Exercise brief: Transcribe, without alteration, the line that includes "Uitzicht in Yosemite" and each line after it until the records end, omitting all that precede it.

Caption-style text data:
========

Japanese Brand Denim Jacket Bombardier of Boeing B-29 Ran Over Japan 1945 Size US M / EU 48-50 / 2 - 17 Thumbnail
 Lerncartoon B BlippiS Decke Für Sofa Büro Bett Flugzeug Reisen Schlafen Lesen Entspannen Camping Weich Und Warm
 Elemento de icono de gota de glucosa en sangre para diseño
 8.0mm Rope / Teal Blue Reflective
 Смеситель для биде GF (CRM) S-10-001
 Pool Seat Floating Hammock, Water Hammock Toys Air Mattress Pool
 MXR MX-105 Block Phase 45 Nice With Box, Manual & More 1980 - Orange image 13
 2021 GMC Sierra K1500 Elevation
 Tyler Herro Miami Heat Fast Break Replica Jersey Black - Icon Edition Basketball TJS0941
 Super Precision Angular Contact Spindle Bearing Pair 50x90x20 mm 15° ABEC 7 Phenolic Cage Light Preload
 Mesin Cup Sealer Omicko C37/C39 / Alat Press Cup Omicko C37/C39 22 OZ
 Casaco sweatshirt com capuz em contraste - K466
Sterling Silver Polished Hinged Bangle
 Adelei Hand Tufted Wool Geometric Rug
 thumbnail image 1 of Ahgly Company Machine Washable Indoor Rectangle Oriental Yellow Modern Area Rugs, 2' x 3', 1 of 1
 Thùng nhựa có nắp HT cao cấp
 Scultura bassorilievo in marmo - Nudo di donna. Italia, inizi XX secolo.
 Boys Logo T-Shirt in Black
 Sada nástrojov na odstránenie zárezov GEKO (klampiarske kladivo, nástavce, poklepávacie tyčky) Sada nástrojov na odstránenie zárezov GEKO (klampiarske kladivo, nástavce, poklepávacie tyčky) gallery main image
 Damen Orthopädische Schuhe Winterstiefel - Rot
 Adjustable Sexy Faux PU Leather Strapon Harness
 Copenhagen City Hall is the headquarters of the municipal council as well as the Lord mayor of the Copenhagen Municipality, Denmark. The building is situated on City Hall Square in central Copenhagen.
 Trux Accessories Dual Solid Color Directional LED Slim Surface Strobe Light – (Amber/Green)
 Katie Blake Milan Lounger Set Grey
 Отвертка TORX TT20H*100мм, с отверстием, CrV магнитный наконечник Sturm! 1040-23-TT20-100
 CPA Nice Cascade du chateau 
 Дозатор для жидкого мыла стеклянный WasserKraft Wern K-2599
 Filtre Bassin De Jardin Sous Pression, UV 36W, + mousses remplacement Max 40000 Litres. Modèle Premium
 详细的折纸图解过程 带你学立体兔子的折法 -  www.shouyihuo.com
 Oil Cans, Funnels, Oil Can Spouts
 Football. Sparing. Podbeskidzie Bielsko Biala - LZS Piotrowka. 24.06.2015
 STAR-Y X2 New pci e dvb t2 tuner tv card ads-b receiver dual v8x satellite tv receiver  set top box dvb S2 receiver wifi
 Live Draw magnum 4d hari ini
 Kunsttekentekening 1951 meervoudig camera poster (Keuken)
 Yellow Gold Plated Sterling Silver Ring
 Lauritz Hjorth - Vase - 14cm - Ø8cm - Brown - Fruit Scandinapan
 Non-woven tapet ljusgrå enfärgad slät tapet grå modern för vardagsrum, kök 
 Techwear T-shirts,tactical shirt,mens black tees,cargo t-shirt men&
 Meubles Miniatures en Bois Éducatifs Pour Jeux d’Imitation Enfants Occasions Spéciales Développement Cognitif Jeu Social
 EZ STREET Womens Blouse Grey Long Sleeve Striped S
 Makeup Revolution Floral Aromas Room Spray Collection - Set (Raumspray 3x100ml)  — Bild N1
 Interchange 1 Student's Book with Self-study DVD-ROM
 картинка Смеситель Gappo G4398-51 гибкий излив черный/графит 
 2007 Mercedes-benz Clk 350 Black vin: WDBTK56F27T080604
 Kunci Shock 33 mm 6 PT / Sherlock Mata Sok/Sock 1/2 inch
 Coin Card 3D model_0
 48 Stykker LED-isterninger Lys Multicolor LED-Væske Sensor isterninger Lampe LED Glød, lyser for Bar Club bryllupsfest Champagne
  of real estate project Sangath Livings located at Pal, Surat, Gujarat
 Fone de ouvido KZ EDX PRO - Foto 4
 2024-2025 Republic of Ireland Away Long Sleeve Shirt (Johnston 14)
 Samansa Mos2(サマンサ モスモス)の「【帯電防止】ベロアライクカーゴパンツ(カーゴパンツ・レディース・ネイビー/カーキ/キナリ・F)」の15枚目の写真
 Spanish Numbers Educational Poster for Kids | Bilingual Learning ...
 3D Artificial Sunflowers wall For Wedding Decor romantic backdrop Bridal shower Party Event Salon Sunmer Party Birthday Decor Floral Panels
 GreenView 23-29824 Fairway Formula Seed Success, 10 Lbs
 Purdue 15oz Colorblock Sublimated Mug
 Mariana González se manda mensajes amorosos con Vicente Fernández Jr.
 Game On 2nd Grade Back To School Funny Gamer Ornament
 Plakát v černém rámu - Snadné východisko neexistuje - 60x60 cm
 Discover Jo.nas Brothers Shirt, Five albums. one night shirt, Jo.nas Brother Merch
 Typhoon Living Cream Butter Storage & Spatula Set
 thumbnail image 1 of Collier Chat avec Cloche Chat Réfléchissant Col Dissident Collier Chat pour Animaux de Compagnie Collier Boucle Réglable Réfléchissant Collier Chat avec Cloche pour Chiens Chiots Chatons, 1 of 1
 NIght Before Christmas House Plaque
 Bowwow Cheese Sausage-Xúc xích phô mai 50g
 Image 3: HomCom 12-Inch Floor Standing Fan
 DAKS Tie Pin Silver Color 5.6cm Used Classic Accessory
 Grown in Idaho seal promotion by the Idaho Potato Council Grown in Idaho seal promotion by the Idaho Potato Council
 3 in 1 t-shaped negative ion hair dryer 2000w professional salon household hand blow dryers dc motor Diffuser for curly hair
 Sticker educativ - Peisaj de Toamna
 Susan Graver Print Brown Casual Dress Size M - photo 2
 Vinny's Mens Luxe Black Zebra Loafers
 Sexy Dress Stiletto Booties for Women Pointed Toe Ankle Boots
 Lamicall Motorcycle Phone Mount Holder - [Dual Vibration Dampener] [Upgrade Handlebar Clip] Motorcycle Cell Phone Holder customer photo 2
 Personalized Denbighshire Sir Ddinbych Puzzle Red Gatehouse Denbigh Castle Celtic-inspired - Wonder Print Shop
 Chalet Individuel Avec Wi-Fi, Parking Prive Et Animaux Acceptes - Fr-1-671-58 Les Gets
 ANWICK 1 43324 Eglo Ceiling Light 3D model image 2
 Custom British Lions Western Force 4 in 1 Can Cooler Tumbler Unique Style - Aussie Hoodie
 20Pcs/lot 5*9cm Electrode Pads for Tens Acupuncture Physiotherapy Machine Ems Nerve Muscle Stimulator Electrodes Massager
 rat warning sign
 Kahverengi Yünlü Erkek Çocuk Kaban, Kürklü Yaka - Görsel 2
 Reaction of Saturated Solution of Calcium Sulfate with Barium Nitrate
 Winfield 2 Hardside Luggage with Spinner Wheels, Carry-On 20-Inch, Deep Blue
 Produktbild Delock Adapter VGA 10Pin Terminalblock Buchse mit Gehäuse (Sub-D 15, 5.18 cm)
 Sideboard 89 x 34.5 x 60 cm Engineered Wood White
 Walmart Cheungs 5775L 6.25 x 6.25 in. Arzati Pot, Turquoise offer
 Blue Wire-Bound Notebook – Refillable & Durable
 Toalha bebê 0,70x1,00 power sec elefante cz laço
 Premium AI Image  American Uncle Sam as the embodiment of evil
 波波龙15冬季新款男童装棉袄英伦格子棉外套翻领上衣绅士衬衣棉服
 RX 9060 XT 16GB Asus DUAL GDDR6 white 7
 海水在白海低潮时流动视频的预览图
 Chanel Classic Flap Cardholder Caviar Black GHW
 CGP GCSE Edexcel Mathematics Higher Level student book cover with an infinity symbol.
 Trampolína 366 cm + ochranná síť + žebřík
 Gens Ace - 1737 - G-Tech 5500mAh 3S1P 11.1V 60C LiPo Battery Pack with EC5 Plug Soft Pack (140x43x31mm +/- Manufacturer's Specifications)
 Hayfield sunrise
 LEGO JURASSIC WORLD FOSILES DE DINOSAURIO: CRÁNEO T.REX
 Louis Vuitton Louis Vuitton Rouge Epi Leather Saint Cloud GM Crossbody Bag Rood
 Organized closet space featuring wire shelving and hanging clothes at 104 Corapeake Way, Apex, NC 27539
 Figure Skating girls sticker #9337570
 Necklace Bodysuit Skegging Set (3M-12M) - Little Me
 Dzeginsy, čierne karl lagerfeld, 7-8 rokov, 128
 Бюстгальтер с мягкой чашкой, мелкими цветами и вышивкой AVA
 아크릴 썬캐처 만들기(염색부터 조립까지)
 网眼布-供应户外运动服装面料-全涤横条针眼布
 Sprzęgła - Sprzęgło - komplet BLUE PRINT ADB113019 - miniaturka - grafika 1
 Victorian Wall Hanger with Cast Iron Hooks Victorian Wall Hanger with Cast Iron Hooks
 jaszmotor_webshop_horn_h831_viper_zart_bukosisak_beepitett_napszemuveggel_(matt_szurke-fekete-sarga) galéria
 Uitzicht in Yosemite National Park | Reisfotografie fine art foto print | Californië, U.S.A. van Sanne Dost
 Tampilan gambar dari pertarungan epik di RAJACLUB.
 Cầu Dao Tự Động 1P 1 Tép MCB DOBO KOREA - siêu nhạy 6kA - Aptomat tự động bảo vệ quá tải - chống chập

========

Exercise answer:
 Uitzicht in Yosemite National Park | Reisfotografie fine art foto print | Californië, U.S.A. van Sanne Dost
 Tampilan gambar dari pertarungan epik di RAJACLUB.
 Cầu Dao Tự Động 1P 1 Tép MCB DOBO KOREA - siêu nhạy 6kA - Aptomat tự động bảo vệ quá tải - chống chập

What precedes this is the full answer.